> [WHAT THE TASK REQUIRES]: Would you transcribe the lines running from the one that holds "this 450×320 image." to the last line of the records? Leave every picture out.

------ RECORDS SHOWN ------

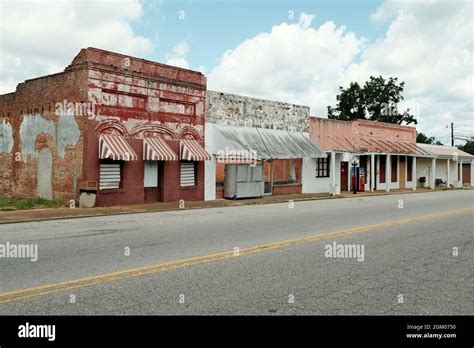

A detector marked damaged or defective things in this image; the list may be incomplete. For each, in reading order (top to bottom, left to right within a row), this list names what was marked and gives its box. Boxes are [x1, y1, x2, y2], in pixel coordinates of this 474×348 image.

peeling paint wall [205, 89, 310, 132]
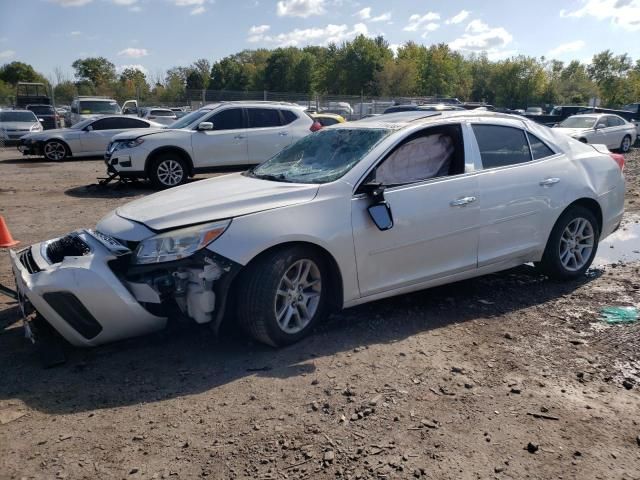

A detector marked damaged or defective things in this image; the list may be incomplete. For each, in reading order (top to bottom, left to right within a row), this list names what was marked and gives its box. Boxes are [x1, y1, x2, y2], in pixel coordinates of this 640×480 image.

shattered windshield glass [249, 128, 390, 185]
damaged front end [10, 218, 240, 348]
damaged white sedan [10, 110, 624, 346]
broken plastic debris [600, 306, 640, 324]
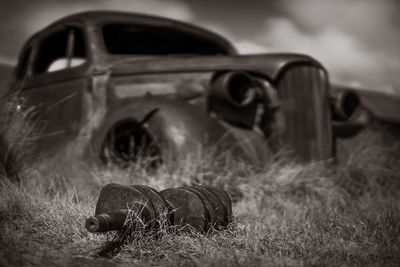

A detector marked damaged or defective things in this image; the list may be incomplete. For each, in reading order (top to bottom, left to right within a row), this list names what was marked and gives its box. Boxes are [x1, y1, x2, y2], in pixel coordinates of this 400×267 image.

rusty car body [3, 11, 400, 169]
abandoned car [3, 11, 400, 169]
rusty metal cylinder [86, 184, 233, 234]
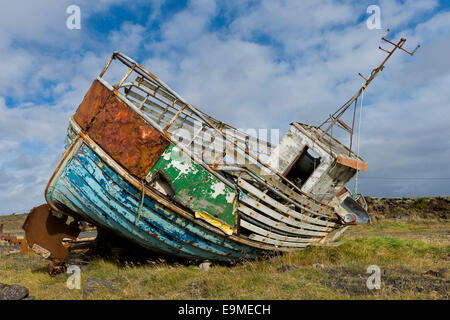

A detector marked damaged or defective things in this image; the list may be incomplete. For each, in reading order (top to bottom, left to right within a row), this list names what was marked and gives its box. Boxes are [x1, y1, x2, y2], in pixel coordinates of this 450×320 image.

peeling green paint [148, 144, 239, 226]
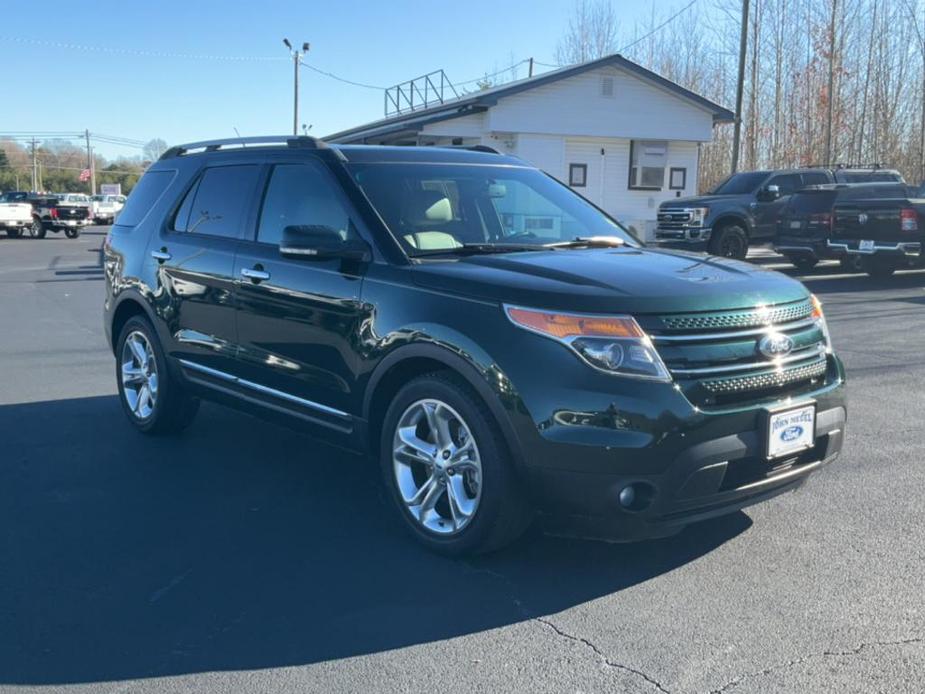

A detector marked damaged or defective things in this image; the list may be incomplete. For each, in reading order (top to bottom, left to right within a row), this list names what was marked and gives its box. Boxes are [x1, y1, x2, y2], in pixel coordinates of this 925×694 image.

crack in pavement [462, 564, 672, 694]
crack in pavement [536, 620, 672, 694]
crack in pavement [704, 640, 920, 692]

------

> [EXPECTED ANSWER]:
A detector marked damaged or defective things in this image; the list may be incomplete. For each, in reading order (top to bottom, left to right within a row), this list names what was marked and gives its box. Boxes are [x1, y1, x2, y2], in pixel coordinates of this 450×320 image.

peeling green paint [148, 144, 239, 226]

A detector marked damaged or defective things in this image; the list may be incomplete. For each, in reading order (top to bottom, left to right within a row), this list names what was marked and gives its box. Boxes are [x1, y1, x2, y2], in pixel coordinates of this 925×694 image.

crack in pavement [462, 564, 672, 694]
crack in pavement [536, 620, 672, 694]
crack in pavement [704, 640, 920, 692]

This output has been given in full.